Android Audio latency讲解
- Android avsync
- Audio::SetParameters
- ExoPlayer Sync
- Audio SetParameters
- getTimestamp
- update 2023/02/15
- MediaSync
- QA
最近在作音频的优化, 需要将参数传到audio hal, 记录下。
Android avsync
Audio::SetParameters
ExoPlayer Sync
Audio SetParameters
Android source
//打开设备
static int adev_open(const hw_module_t* module, const char* name,
hw_device_t** device)
{
ALOGI("adev_open(name=%s)", name);
struct submix_audio_device *rsxadev;
if (strcmp(name, AUDIO_HARDWARE_INTERFACE) != 0)
return -EINVAL;
rsxadev = (submix_audio_device*) calloc(1, sizeof(struct submix_audio_device));
if (!rsxadev)
return -ENOMEM;
rsxadev->device.common.tag = HARDWARE_DEVICE_TAG;
rsxadev->device.common.version = AUDIO_DEVICE_API_VERSION_2_0;
rsxadev->device.common.module = (struct hw_module_t *) module;
rsxadev->device.common.close = adev_close;
rsxadev->device.init_check = adev_init_check;
rsxadev->device.set_voice_volume = adev_set_voice_volume;
rsxadev->device.set_master_volume = adev_set_master_volume;
rsxadev->device.get_master_volume = adev_get_master_volume;
rsxadev->device.set_master_mute = adev_set_master_mute;
rsxadev->device.get_master_mute = adev_get_master_mute;
rsxadev->device.set_mode = adev_set_mode;
rsxadev->device.set_mic_mute = adev_set_mic_mute;
rsxadev->device.get_mic_mute = adev_get_mic_mute;
rsxadev->device.set_parameters = adev_set_parameters;
rsxadev->device.get_parameters = adev_get_parameters;
rsxadev->device.get_input_buffer_size = adev_get_input_buffer_size;
rsxadev->device.open_output_stream = adev_open_output_stream;
rsxadev->device.close_output_stream = adev_close_output_stream;
rsxadev->device.open_input_stream = adev_open_input_stream;
rsxadev->device.close_input_stream = adev_close_input_stream;
rsxadev->device.dump = adev_dump;
for (int i=0 ; i < MAX_ROUTES ; i++) {
memset(&rsxadev->routes[i], 0, sizeof(route_config));
strcpy(rsxadev->routes[i].address, "");
}
*device = &rsxadev->device.common;
return 0;
}
主要关注 set_parameters 和get_presentation_position。
流的结构
//打开流
static int adev_open_output_stream(struct audio_hw_device *dev,
audio_io_handle_t handle,
audio_devices_t devices,
audio_output_flags_t flags,
struct audio_config *config,
struct audio_stream_out **stream_out,
const char *address)
{
struct submix_audio_device * const rsxadev = audio_hw_device_get_submix_audio_device(dev);
ALOGD("adev_open_output_stream(address=%s)", address);
struct submix_stream_out *out;
(void)handle;
(void)devices;
(void)flags;
*stream_out = NULL;
// Make sure it's possible to open the device given the current audio config.

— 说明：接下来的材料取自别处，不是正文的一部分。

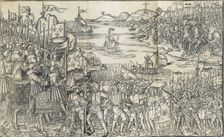 Illustration from Peregrinatio in terram sanctam (Journey to the Holy Land) by Bernhard von Breidenb Artist: Reuwich (Reeuwijk), Erhard (c. 1450-after 1505)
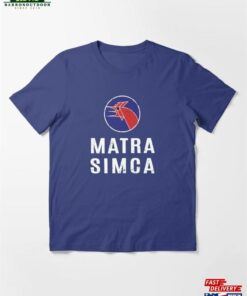 Matra Simca 1973 Distressed Worn Print Essential T-Shirt Classic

submix_sanitize_config(config, false);
int route_idx = -1;
pthread_mutex_lock(&rsxadev->lock);
status_t res = submix_get_route_idx_for_address_l(rsxadev, address, &route_idx);
if (res != OK) {
ALOGE("Error %d looking for address=%s in adev_open_output_stream", res, address);
pthread_mutex_unlock(&rsxadev->lock);
return res;
}
if (!submix_open_validate_l(rsxadev, route_idx, config, false)) {
ALOGE("adev_open_output_stream(): Unable to open output stream for address %s", address);
pthread_mutex_unlock(&rsxadev->lock);
return -EINVAL;
}
out = (struct submix_stream_out *)calloc(1, sizeof(struct submix_stream_out));
if (!out) {
pthread_mutex_unlock(&rsxadev->lock);
return -ENOMEM;
}
// Initialize the function pointer tables (v-tables).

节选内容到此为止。